I poked around online looking for alternative proofs and found a paper by Stephen Kuhn in the American Math Monthly called “The Derivative á la Carathéodory”. The main idea, attributed to a textbook written by Constantin Carathéodory, is the following alternative characterization of differentiability.
Let \(f\) be a real function and \(a\) a real number. Then \(f\) is differentiable at \(a\) if and only if there exists a real function \(\varphi\) such that \(\varphi\) is continuous at \(a\) and for all \(x\), \[f(x) - f(a) = \varphi(x)(x-a).\] In this case, we have \(\varphi(a) = f^\prime(a)\).
Where differentiability is defined as usual via the limit of a difference quotient.
Let \(f\) be a real function and \(a\) a real number. We say that \(f\) is differentiable at \(a\) if \[\lim_{x \rightarrow a} \frac{f(x)-f(a)}{x-a}\] exists. In this case, the value of this limit is denoted \(f^\prime(a)\) and called the derivative of \(f\) at \(a\). The real function \(x \mapsto f^\prime(x)\) is called the derivative of \(f\).

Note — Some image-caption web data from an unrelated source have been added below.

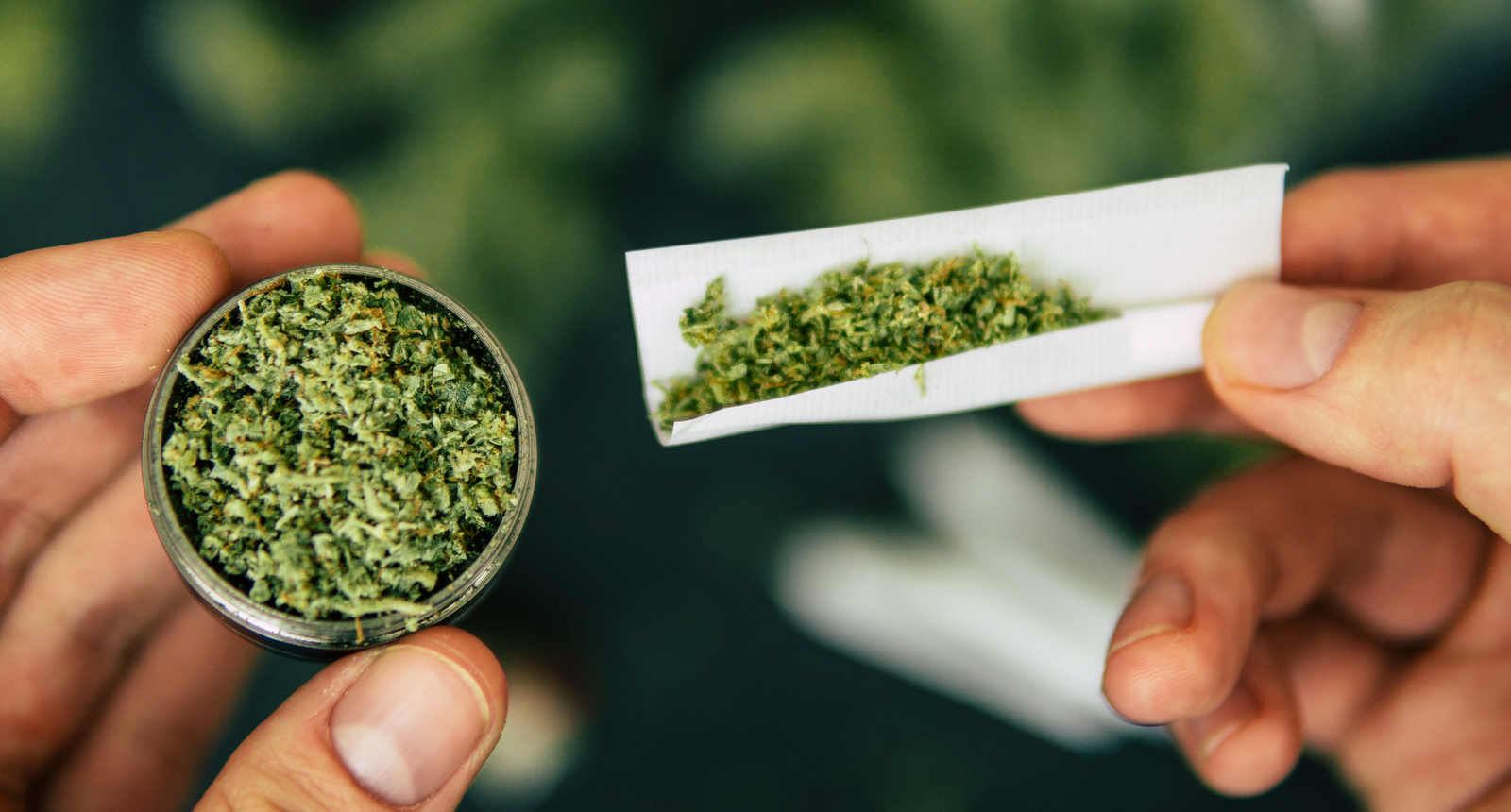 A picture of cannabis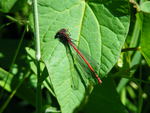 Large red damselfly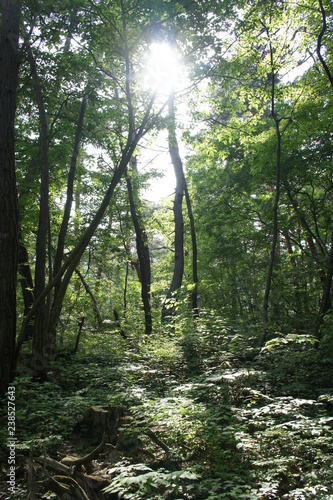 長野の大峰山の森林の木漏れ日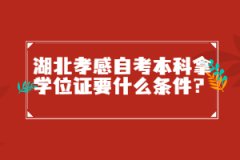 湖北孝感自考本科拿學(xué)位證要什么條件？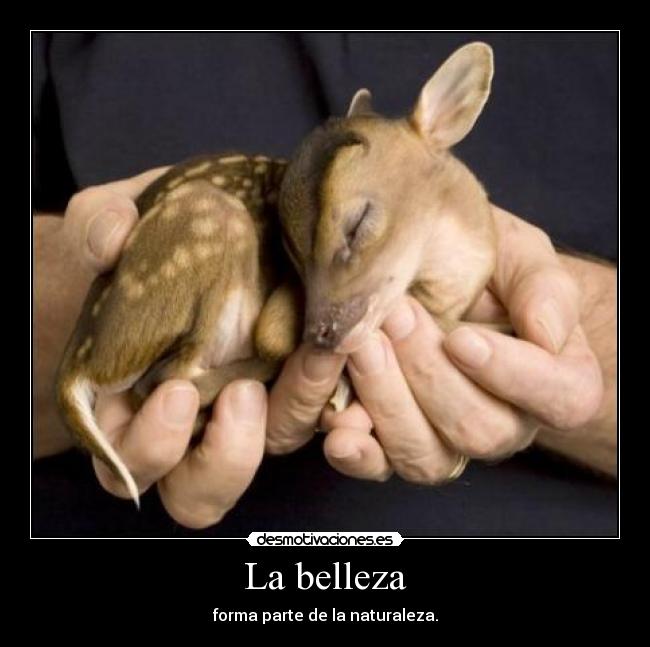 La belleza - forma parte de la naturaleza.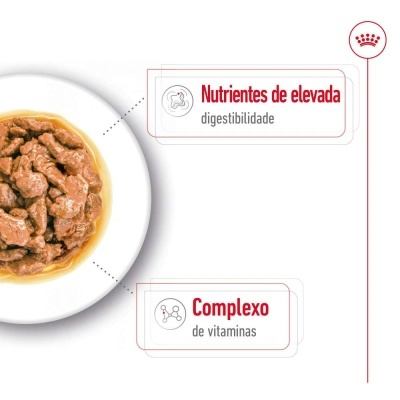 Royal Canin Mini Adult - Alimento em molho para cão adulto de porte pequeno/mini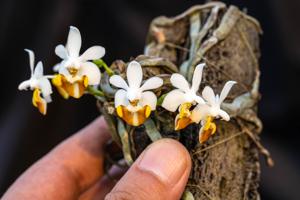 Phalaenopsis lobbii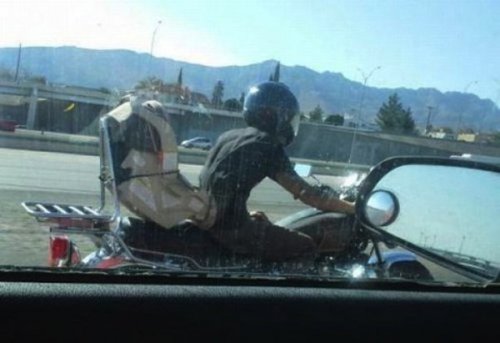 Мои родители – идиоты (23 фото)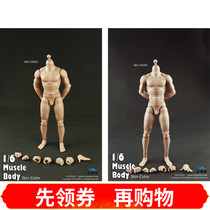 COOMODEL B34003 standard muscle male body and B34004 increased muscle male body spot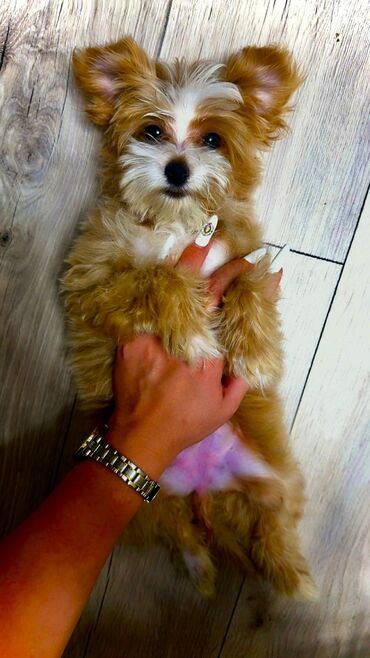 İtlər: 4 ay, Dişi, Peyvəndli, Ünvandan götürmə — 13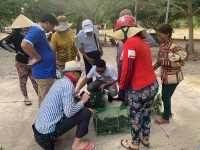 “Nóng” tình trạng săn, bắt chim Yến gây thiệt hại kinh tế cho người nuôi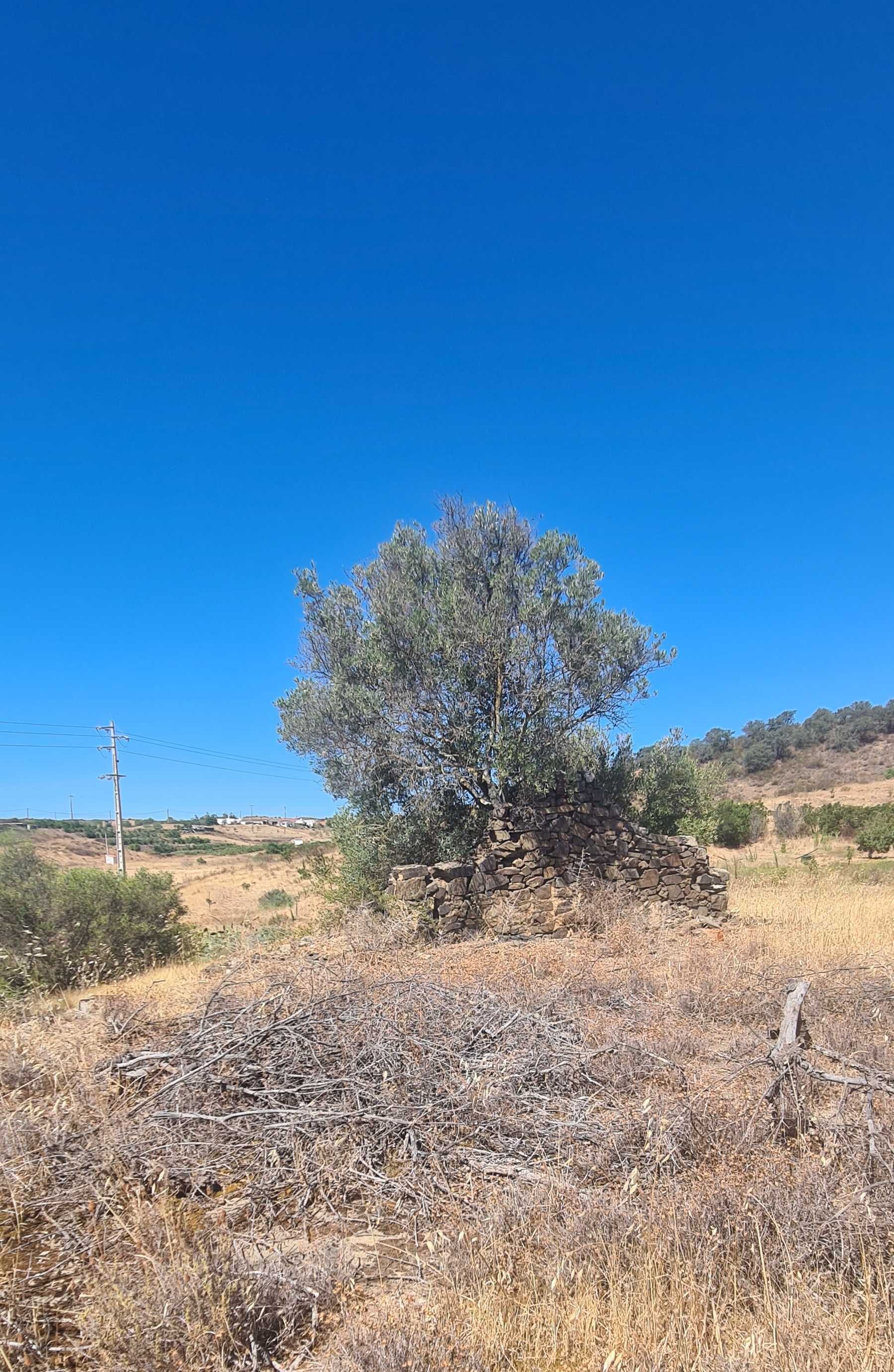 Terreno com ruína na Junqueira, concelho de Castro Marim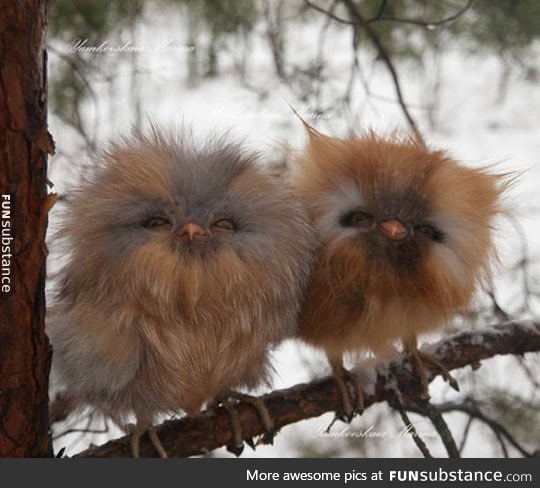 These fluffy baby owls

It is straightforward to show that Carathéodory’s characterization is equivalent to the limit-based definition. And while it is less concrete for computational purposes, Carathéodory makes the proof of the chain rule very slick (and not at all handwavy, to my taste).
(Chain Rule.) Let \(f\) and \(g\) be real functions and \(a\) a real number such that \(g\) is differentiable at \(a\) and \(f\) differentiable at \(g(a)\). By Carathéodory’s characterization, there is a function \(\varphi\) such that \[g(x) - g(a) = \varphi(x)(x-a)\] for all \(x\) and a function \(\psi\) such that \[f(y) - f(g(a)) = \psi(y)(y - g(a))\] for all \(y\); in particular for \(y = g(x)\). Now substituting yields \[f(g(x)) - f(g(a)) = \psi(g(x))\varphi(x)(x-a).\] Since \(g\) is differentiable at \(a\), it is continuous at \(a\), and so \(\psi(g(x))\) is continuous at \(a\), and thus \(\psi(g(x))\varphi(x)\) is continuous at \(a\). Again by Carathéodory, \(f \circ g\) is differentiable at \(a\), and \[(f \circ g)^\prime(a) = \psi(g(a))\varphi(a) = f^\prime(g(a)) \cdot g^\prime(a).\]
Nice. :)
On the one hand, I can see why this idea has gotten left out of more modern books. Often calculus is a cookbook class where the emphasis is on computation rather than abstract understanding. (And that “there exists” in Carathéodory’s characterization might be scary.) On the other hand, the idea is so beautiful, and following the paper “Fréchet vs. Carathéodory” by Ernesto Acosta G. and Cesar Delgado G., also in American Math Monthly, generalizes nicely.
I think I’ll use this next time I teach calculus.